Although there are other energy positive buildings in Norway, they have up until now been commercial buildings. Recently, Powerhouse Brattørkaia opened on the Trondheim waterfront. Among other things, the excess power generated by the building helps to charge some of Trondheim’s new fleet of electric buses.
“This is a project that is in line with what politicians in Oslo demand. It’s a building with high environmental standards and spectacular architecture. As Oslo is the European Green Capital in 2019, the city also needs some concrete projects to showcase,” says Siraj.
High cost but low energy bills
The entire project has a cost framework of between NOK 700 and 900 million. Because of the higher environmental standards plus the addition of solar panels, the cost is around 10% higher than a typical project.
Siraj believes the building will have a positive impact on the Groruddalen valley, an area often negatively portrayed in the media because of its high immigrant population.
“I think this building can also help to highlight the area as something other than what we read in the newspapers. The spectacular architecture and plus-house standard can attract other types of residents. The most important thing is that we can have richly-composed resident groups.”
Sales begin next year, and while prices have not yet been set, the estimated square metre price of the apartments will be between NOK 60,000-65,000. While that will be a significant upfront investment, Siraj says families will save many thousands of kroner on energy every year.
The courtyard will provide space for celebrations, games, and meeting and recreation areas for both children and adults.
“I don't think this is all that radical. There will be a clear improvement by converting this plot from light industry, as it is today, to residential use. It has a great location with sun, views, nice greenery and close proximity to a school. There is also no reason why everything that looks different should stand in Bjørvika,” says Code’s Bjarne Ringstad.

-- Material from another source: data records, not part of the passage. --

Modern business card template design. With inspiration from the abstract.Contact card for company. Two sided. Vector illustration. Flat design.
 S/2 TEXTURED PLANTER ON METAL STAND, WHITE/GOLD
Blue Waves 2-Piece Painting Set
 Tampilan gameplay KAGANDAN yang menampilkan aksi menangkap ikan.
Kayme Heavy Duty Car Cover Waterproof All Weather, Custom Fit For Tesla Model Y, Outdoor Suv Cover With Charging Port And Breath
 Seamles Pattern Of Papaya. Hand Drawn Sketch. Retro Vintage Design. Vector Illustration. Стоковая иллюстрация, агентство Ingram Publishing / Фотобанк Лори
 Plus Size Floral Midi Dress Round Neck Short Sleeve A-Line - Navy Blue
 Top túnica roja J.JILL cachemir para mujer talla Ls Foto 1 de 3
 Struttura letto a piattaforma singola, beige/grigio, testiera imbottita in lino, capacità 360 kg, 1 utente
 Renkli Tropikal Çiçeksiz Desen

All of the apartments will be south- or west-facing with a balcony. Most will have a side facing the park and a side facing nature. The apartments will vary in configuration from one- to three-bedrooms. However, the majority will be sized around 70 square metres.
Ringstad says the team concerned themselves with giving residents a pleasant place to live. “The advantage of the circular shape is that everyone will get sun and views, with balconies facing the common area,” he says.